--- Data for review ---

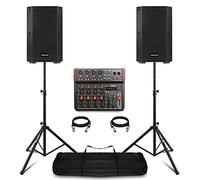 VONYX VSA08BT Complete PA System Package - 2x 8-Inch Active Bluetooth PA Speakers, 8-Channel Mixer with USB Audio Interface, DSP Effects, Stands & XLR Cables for Bands, DJs & Churches
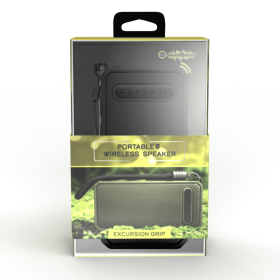 Excursion Grip Rugged Grill Rectangular Bluetooth Speaker Black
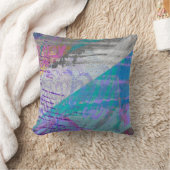 紫と灰色のモダン抽象芸術絵画 クッション (ブランケット)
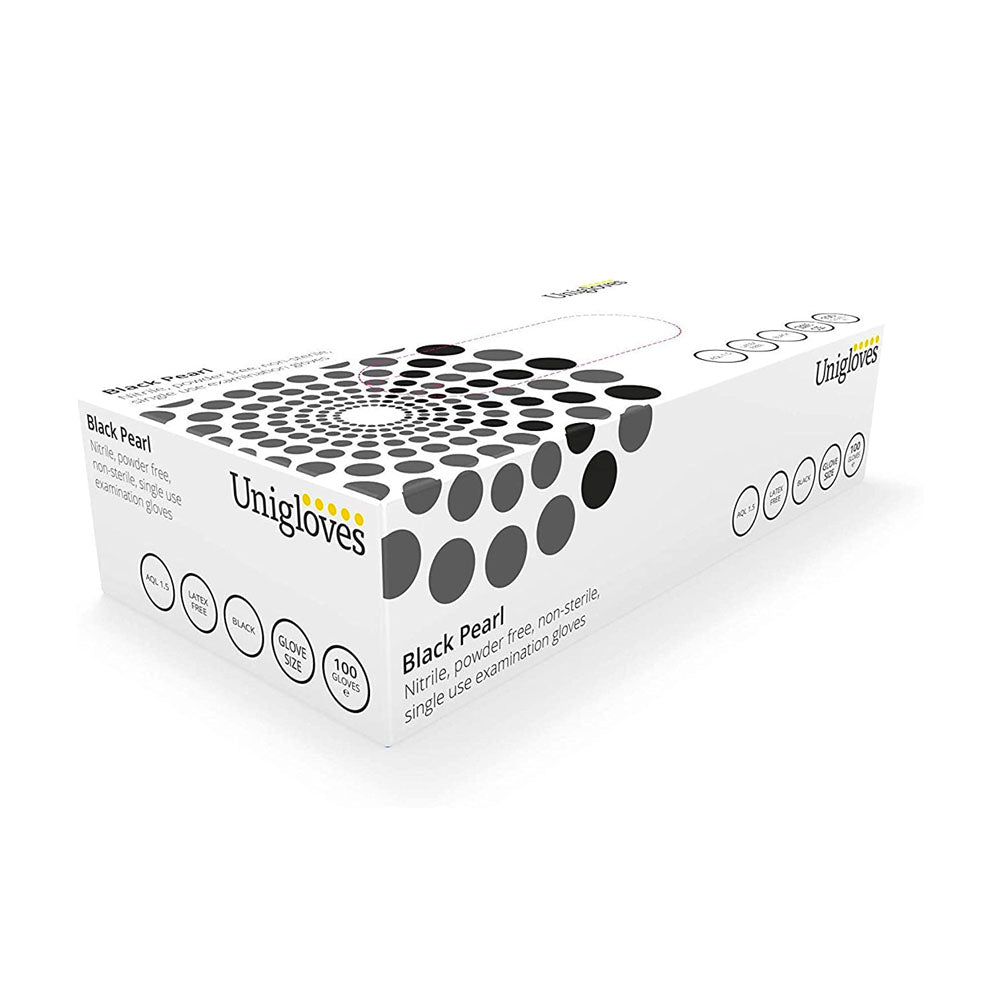 Unigloves Black Pearl Nitrile Disposable Gloves (Box of 100) - Restorate-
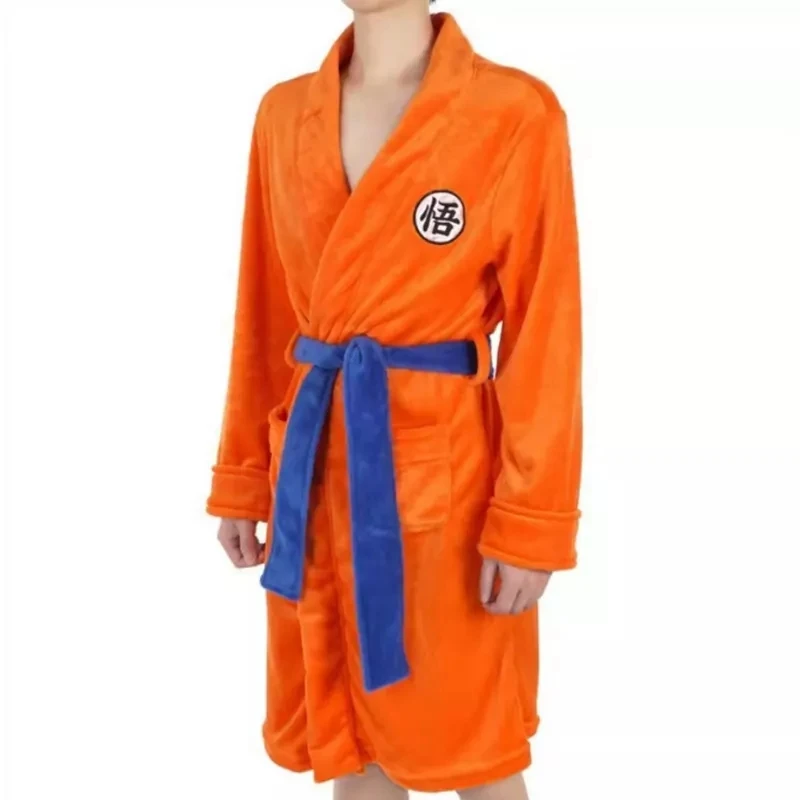 Anime Goku Cosplay Winter Bathrobe Bath Robe Costumes Coral Fleece Cotton Warm Unisex Nightgown Sleepwear Pajamas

---

== What you are asked to do ==
Give every line of the data above again as it stands; the pictures stay out.

== Exercise result ==
 VONYX VSA08BT Complete PA System Package - 2x 8-Inch Active Bluetooth PA Speakers, 8-Channel Mixer with USB Audio Interface, DSP Effects, Stands & XLR Cables for Bands, DJs & Churches
 Excursion Grip Rugged Grill Rectangular Bluetooth Speaker Black
 紫と灰色のモダン抽象芸術絵画 クッション (ブランケット)
 Unigloves Black Pearl Nitrile Disposable Gloves (Box of 100) - Restorate-
 Anime Goku Cosplay Winter Bathrobe Bath Robe Costumes Coral Fleece Cotton Warm Unisex Nightgown Sleepwear Pajamas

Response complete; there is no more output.